A Castel Volturno, ogni volta che un’inchiesta scomoda riesce a raccontare un pezzo di realtà che in molti preferirebbero ignorare, si alza il polverone. Ma non per discutere i fatti. Non per entrare nel merito dei documenti, delle testimonianze, delle storie. Si alza per attaccare chi ha avuto l’”ardire” di pubblicarli.
È accaduto di nuovo, dopo il nostro ultimo articolo sull’inferno vissuto da Giulio, un uomo di 79 anni, sfrattato dal Parco Saraceno insieme alla moglie cardiopatica. Un’inchiesta documentata, firmata, costruita ascoltando il protagonista, camminando tra le rovine di una vicenda dimenticata. Come risposta, però, non sono arrivate smentite nel merito o repliche formali. Sono arrivati, come spesso accade, commenti su Facebook: lunghi post, accuse vaghe e infine l’insulto. “Piccoli uomini”, ci ha scritto un consigliere comunale. Questo saremmo, secondo lui. Non giornalisti, ma piccoli uomini.
E allora lo diciamo una volta per tutte. Noi siamo una redazione giovane, ma non siamo piccoli. Facciamo giornalismo da oltre ventitre anni, senza finanziamenti pubblici, senza sponsor politici, senza tessere in tasca. Non apparteniamo all’opposizione e non ci prestiamo a logiche di schieramento. Informare è un’esperienza di editoria pura: libera, autofinanziata, civile. Nasce per raccontare la complessità di un territorio abbandonato, non per assecondare i suoi poteri.
L’articolo 21 della Costituzione non garantisce il diritto a dire ciò che piace, ma il diritto a manifestare liberamente il proprio pensiero, anche quando è scomodo. E la Legge n. 69 del 1963, che regola la professione giornalistica, affida al cronista una funzione pubblica: essere strumento di controllo democratico, voce di chi non ha voce. Il nostro lavoro segue un metodo: raccogliamo fatti, ascoltiamo storie, verifichiamo fonti, firmiamo ogni parola. Non pubblichiamo opinioni travestite da notizie. Facciamo inchiesta, e ogni inchiesta è una scelta.
A chi ci rimprovera di non “aver chiesto tutte le versioni”, ricordiamo che il diritto di critica è pienamente riconosciuto dalla giurisprudenza italiana quando esercitato nel rispetto dei fatti e dell’interesse pubblico. E a chi si sente colpito, diciamo chiaramente: il diritto di replica è sempre garantito. Chiunque voglia intervenire può farlo inviando comunicazioni a redazione@informareonline.com. Le valuteremo e, come sempre, daremo spazio alle risposte, con serietà e trasparenza. Ma non accetteremo mai che la sede del confronto sia una bacheca Facebook, luogo privato, guidato da algoritmi che alimentano il conflitto e distorcono i contenuti.
Non rispondiamo ai commenti su Facebook non per arroganza, ma per rispetto del nostro lavoro. Non possiamo e non vogliamo trasformare il giornalismo in un’arena social dove si grida di più per avere ragione. Le piattaforme digitali non sono spazi neutri: studi dell’Osservatorio Europeo dei Media Digitali e dell’AGCOM lo dimostrano chiaramente. I social tendono a premiare le reazioni emotive, non l’approfondimento, e spesso diventano strumenti di pressione o di delegittimazione.
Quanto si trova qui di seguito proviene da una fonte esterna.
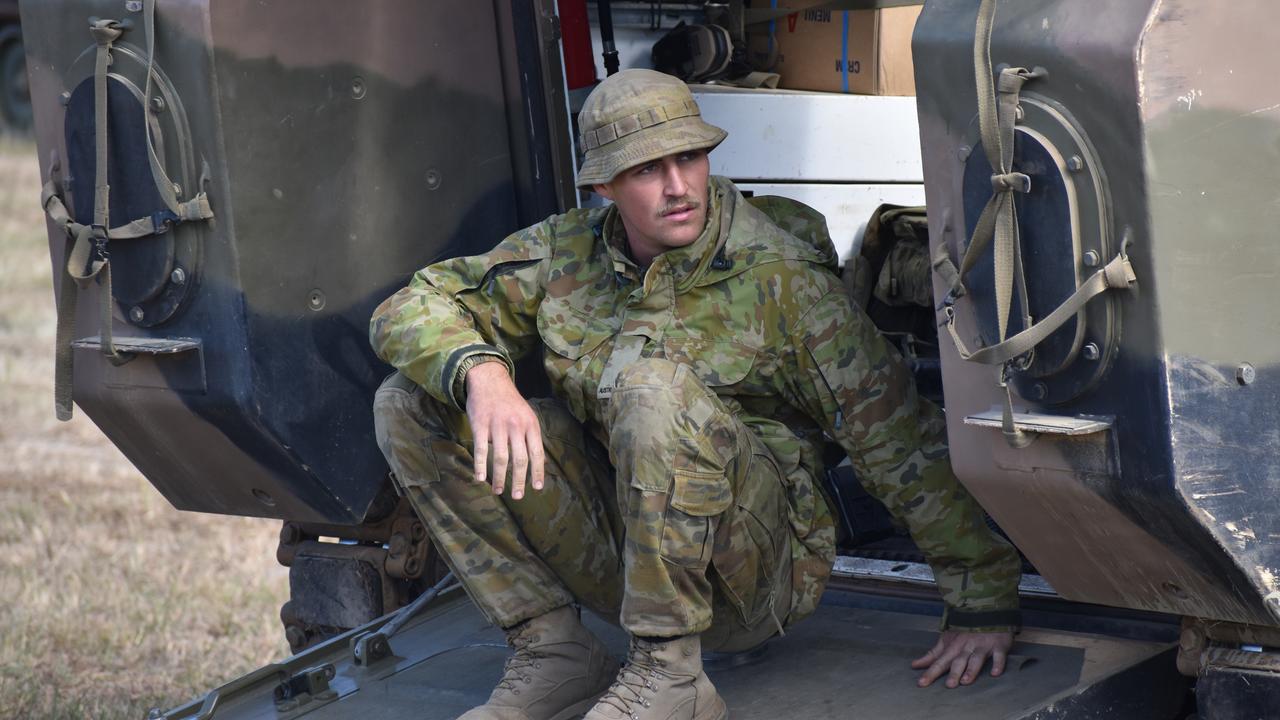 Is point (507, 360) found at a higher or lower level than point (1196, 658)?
higher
Un’amministrazione matura, che rispetta la libertà di stampa, sa che il confronto con i giornalisti avviene pubblicamente, con toni adeguati e nei luoghi adatti: non in una chat, in un commento o in un insulto.
Siamo abituati al dissenso. Lo consideriamo salutare. Ma c’è una grande differenza tra la critica e la delegittimazione. Attaccare pubblicamente una redazione composta da giovani giornalisti chiamandoli “Piccoli Uomini”, come ha fatto un consigliere comunale, non è solo un gesto di arroganza personale: è un segnale pericoloso. È il tentativo di spostare il dibattito dalla questione centrale: lo sgombero, la gestione dell’emergenza abitativa, le mancanze istituzionali al terreno dello scontro personale. Questa è Politica “di poco e per pochi”.
Noi continueremo. Perché il giornalismo, quello vero, non ha paura delle reazioni. Ha paura del silenzio. E organizzeremo incontri pubblici, invitando l’amministrazione, per spiegare questi principi nel dettaglio viste le costanti mortificazioni (non a noi, ma a tutta la stampa).